01. 07. 2021 19:00 p.m. |
Opava, kostel sv. Václava |
from 300 CZK |
1st subscription concert
Arthur Honegger
Pastorale d’été, H. 31
Dmitri Shostakovich
Piano Concerto No. 2, Op. 102
Ludwig van Beethoven
Symphony No. 6 in F major, Op. 68, “Pastoral Symphony”
Federico Colli – piano
Janáček Philharmonic Ostrava
Petr Popelka – conductor
It was composer Darius Milhaud who in 1920 invited Honegger and four friends to his apartment in Paris to organize a concert there. One of the guests was the critic Henri Collet, who then wrote excitedly that the “Les Six” were new “The Five”, referring to the alliance of Russian composers. This brand made the composers highly requested.
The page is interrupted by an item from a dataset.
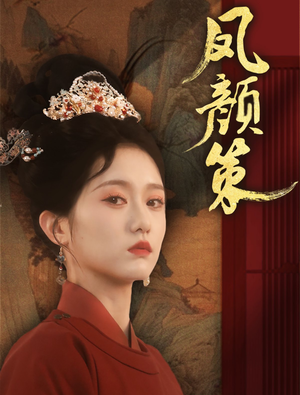 【凤颜策】66集短剧独家播放尽情看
Honegger was so busy that in the summer of 1920 he decided to “escape” to Swiss Alps. His stay there resulted in the creation of a remarkable composition Pastorale d’été. It was already popular at its premier in 1921.
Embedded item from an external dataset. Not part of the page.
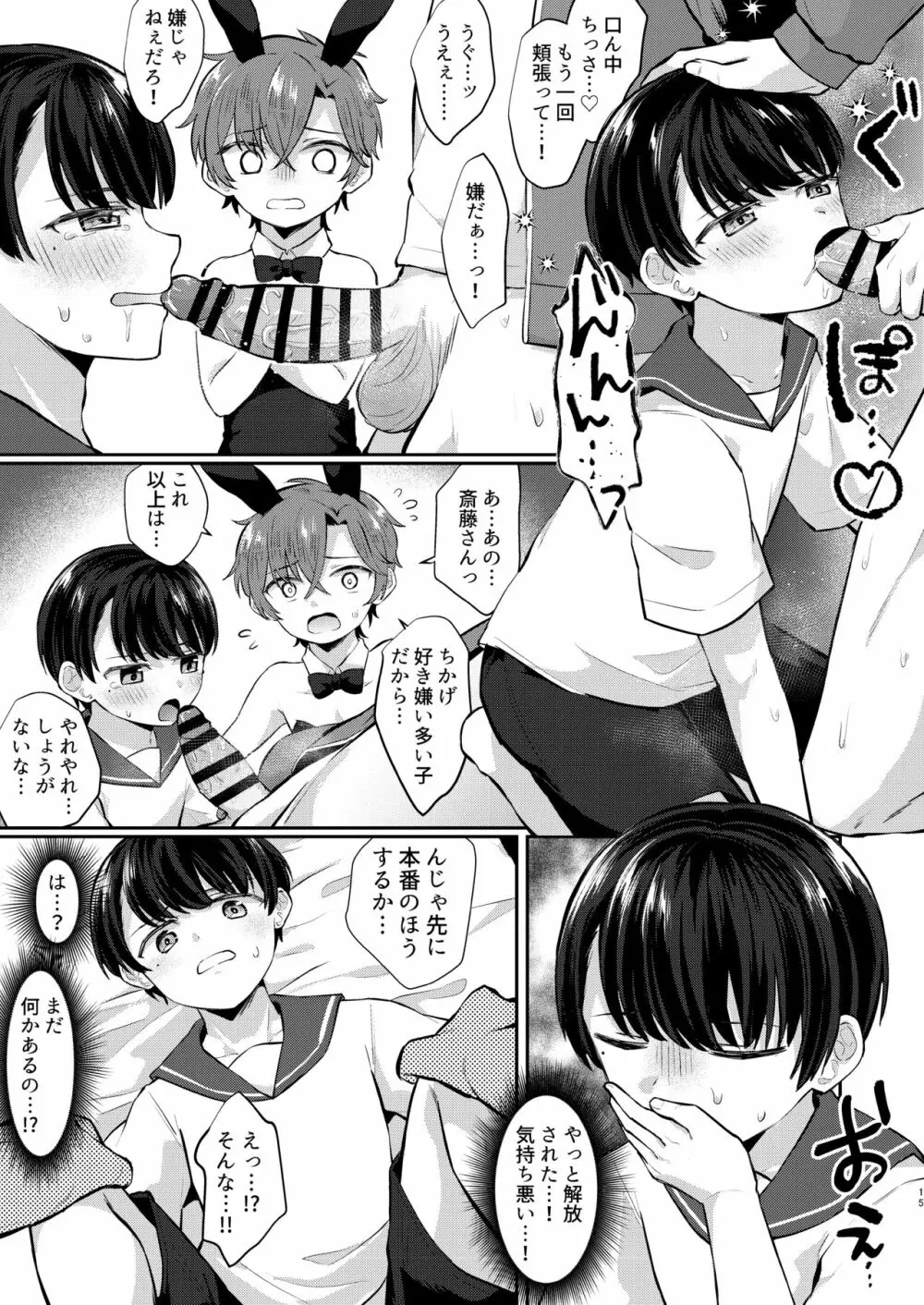 可愛いコはエッチなうさぎカフェで強性労働 - page14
Shostakovich composed the Piano Concerto No. 2 in 1957 as a present for his nineteen-year-old son Maxim. Shostakovich included in the music various family references – inside jokes that only he and his son could understand. The piece is charming, playful, and fun and provides a high contrast to the author’s more serious, anxiety-filled compositions which made him the critics’ laughingstock.
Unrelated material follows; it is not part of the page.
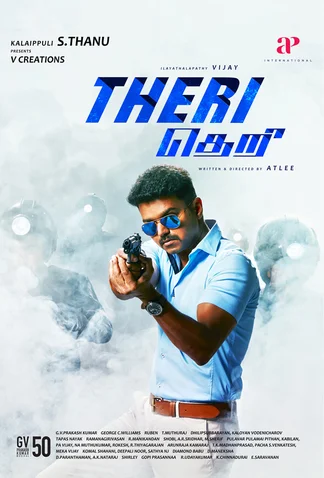 Theri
According to his close friends, Beethoven loved the countryside where he could go on long walks. It is this man that is captured in his idyllic Symphony No. 6. The name of each movement defines what the music is representing: 1. Awakening of cheerful feelings on arrival in the countryside, 2. Scene by the brook, 3. Merry gathering of country folk, 4. Thunder, Storm, 5. Shepherd’s song. Cheerful and thankful feelings after the storm.
The concert is held in cooperation with the statutory city of Opava, the Opava Cultural Organization and with the financial support of the Moravian-Silesian Region.